The European Union’s ambitious climate neutrality target for 2050, coupled with the interim goal of reducing greenhouse gas emissions by at least 55% by 2030, poses significant challenges across member states [1,2,3]. Poland, as one of the most coal-dependent countries in the EU, faces a particularly complex transition. Although the share of coal in electricity generation has steadily declined, it still accounted for 57.1% of total output in 2024, while renewables reached a record-high 29.6% [4]. Between 2020 and 2025, installed wind capacity grew from 5.9 GW to nearly 11 GW, and solar photovoltaics from 1.6 GW to more than 22 GW [5]. Meanwhile, peak demand exceeded 28 GW in 2024, underscoring the growing challenge of balancing supply and demand in a system with rapidly increasing shares of weather-dependent renewables.
Looking ahead, solar, onshore, and offshore wind are all expected to expand further. By 2030, solar capacity is projected to reach around 29 GW, rising to 46.3 GW by 2040, while onshore wind is expected to grow to approximately 19 GW by 2030 and 25.8 GW by 2040. Offshore wind, anticipated to enter the Polish power system around 2026, is forecast to reach 5.9 GW by 2030 and expand significantly to 17.9 GW by 2040 [6]. These targets reflect Poland’s commitments under the EU climate and energy framework, which requires the country to achieve a 32.6% share of renewables in gross final energy consumption by 2030 as part of the EU-wide renewable energy target. Long-term projections further suggest that this share could rise to 58.4% by 2040 [6].
In parallel, Poland plans to diversify its generation mix by commissioning nuclear power reactors beyond 2035, with a total capacity of 6–9 GW by 2045, while storage resources are expected to play a growing role in ensuring system flexibility. At present, storage is dominated by pumped hydro with a discharge capacity of 1.7 GW, complemented by 4.4 GW of battery-based storage already contracted through the capacity market. However, despite these ambitious plans, the Polish power system remains characterized by a coal-dominated generation mix, relatively low interconnection levels compared to its neighbors, and pronounced seasonal as well as diurnal variability in VRES output. Such structural features raise pressing adequacy risks that are not fully addressed in existing policy frameworks such as the KPEiK [6] or PEP2040 [7].
Although variable renewables are critical for reducing emissions, their intermittent nature poses significant reliability challenges [8]. Solar output is largely unavailable during winter evening peaks, while wind generation is subject to strong seasonal variability. High penetration of these resources increases the frequency of both surplus generation and supply shortfalls, particularly in a system with limited interconnections and still a high dependence on inflexible coal-fired units.
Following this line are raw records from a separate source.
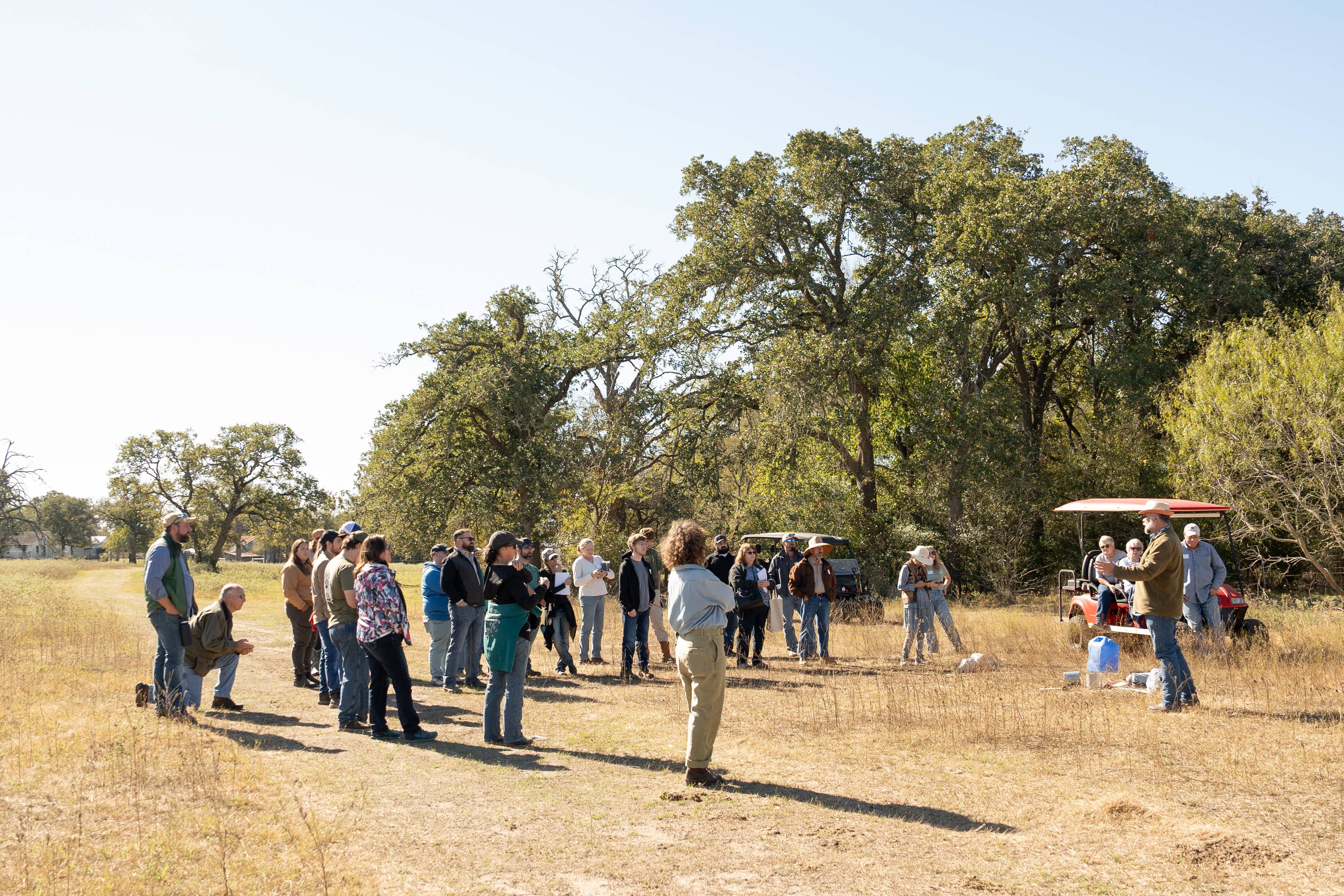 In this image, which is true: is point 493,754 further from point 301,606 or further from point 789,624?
point 789,624

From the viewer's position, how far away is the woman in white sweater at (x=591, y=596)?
11.8 metres

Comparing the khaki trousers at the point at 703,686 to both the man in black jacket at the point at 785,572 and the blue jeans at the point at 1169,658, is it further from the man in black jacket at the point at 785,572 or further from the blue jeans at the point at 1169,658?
the man in black jacket at the point at 785,572

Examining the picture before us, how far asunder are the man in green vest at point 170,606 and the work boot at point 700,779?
4.70m

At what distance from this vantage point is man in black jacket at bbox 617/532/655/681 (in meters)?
11.5

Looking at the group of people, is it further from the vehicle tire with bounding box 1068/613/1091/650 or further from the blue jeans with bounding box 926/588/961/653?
the vehicle tire with bounding box 1068/613/1091/650

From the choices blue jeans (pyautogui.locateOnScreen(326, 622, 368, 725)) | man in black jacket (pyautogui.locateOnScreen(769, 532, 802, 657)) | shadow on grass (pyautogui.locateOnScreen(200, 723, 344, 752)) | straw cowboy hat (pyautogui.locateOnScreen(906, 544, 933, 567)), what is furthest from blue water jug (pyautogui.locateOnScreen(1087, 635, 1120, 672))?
shadow on grass (pyautogui.locateOnScreen(200, 723, 344, 752))

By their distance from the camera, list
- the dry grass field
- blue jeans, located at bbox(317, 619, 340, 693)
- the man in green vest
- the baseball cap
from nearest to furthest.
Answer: the dry grass field < the baseball cap < the man in green vest < blue jeans, located at bbox(317, 619, 340, 693)

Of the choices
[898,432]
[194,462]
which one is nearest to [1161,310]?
[898,432]

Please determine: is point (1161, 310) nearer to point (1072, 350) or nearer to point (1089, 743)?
point (1072, 350)

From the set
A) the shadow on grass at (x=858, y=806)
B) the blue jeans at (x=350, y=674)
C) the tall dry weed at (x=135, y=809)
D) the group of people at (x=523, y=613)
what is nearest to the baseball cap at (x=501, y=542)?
the group of people at (x=523, y=613)

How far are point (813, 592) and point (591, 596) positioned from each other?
2905 millimetres

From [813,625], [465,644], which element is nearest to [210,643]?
[465,644]

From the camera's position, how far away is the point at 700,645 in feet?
21.4

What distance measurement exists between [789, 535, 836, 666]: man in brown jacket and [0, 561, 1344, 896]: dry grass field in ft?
6.03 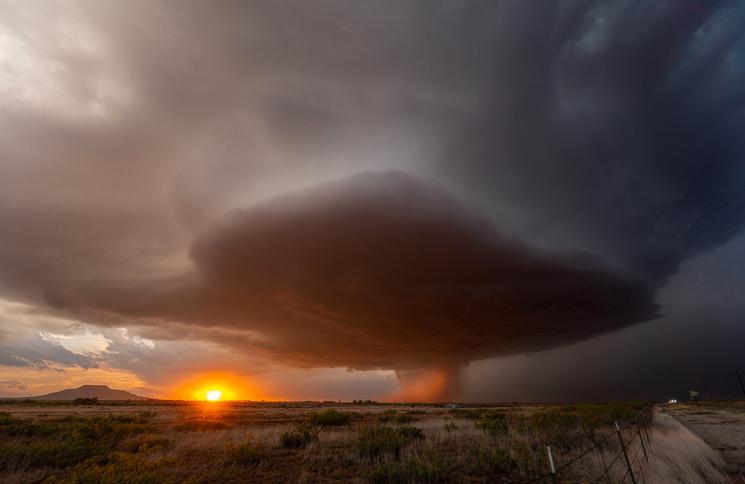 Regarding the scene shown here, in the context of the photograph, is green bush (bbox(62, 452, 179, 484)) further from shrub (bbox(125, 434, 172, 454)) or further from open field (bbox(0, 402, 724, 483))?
shrub (bbox(125, 434, 172, 454))

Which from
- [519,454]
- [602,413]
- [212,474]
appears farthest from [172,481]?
[602,413]

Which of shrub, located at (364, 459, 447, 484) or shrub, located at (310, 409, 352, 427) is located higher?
shrub, located at (310, 409, 352, 427)

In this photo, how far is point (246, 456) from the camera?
61.6 feet

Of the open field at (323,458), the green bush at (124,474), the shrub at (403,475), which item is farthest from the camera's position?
the open field at (323,458)

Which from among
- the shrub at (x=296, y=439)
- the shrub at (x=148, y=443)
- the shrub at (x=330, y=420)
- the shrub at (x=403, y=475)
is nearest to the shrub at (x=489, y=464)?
the shrub at (x=403, y=475)

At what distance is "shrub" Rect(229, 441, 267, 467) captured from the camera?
18375 mm

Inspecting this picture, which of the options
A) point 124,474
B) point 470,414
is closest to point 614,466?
point 124,474

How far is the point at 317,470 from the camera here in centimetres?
1728

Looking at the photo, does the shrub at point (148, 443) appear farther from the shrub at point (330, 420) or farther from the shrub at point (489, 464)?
the shrub at point (330, 420)

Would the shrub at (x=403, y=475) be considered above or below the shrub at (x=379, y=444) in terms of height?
below

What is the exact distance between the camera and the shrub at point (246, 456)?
18.4m

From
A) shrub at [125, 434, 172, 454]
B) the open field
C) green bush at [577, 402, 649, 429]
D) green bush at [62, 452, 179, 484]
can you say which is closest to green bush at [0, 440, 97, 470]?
the open field

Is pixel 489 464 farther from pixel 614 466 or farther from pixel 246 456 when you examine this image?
pixel 246 456

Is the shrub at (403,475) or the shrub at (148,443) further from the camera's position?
the shrub at (148,443)
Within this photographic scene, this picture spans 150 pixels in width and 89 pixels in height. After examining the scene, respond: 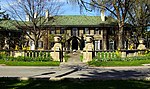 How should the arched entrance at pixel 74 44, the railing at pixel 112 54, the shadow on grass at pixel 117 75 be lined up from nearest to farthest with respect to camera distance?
the shadow on grass at pixel 117 75 → the railing at pixel 112 54 → the arched entrance at pixel 74 44

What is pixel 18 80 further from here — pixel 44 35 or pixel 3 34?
pixel 3 34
These challenges highlight the importance of evaluating not only the environmental benefits of VRES but also their reliable contribution to adequacy during critical demand periods.
A widely used measure in this context is capacity credit (CC), which quantifies the dependable contribution of a resource to peak demand [9]. However, estimating this metric is complex, as results strongly depend on methodological choices and system-specific conditions. Two main methodological approaches are typically used for this purpose [10]. Deterministic (approximation-based) methods are widely applied in practice due to their low data requirements and computational simplicity. They often rely on historical average generation or typical output during peak hours, which makes them attractive for preliminary assessments or systems with limited data. This simplicity, however, comes at the cost of realism, as such methods neglect the stochastic and time-dependent interactions between VRES generation and demand, potentially leading to optimistic or biased estimates.
In contrast, probabilistic (reliability-based) methods explicitly capture the variability and uncertainty of both load and renewable output, often using Monte Carlo simulations or convolution techniques. These approaches require more detailed data and greater computational effort but provide a more robust and realistic assessment of system adequacy. As a result, they are increasingly adopted by transmission system operators and regulators, particularly for long-term planning in high-VRES scenarios. The choice between these methods depends on data availability, system-specific characteristics, and the analytical objectives of the study. This complexity is particularly acute in Poland, where rapid solar deployment, seasonal wind variability, and increasing evening peak demand coincide with limited cross-border balancing options. Against this backdrop, assessing the adequacy contribution of VRES requires a systematic comparison of alternative methodological approaches.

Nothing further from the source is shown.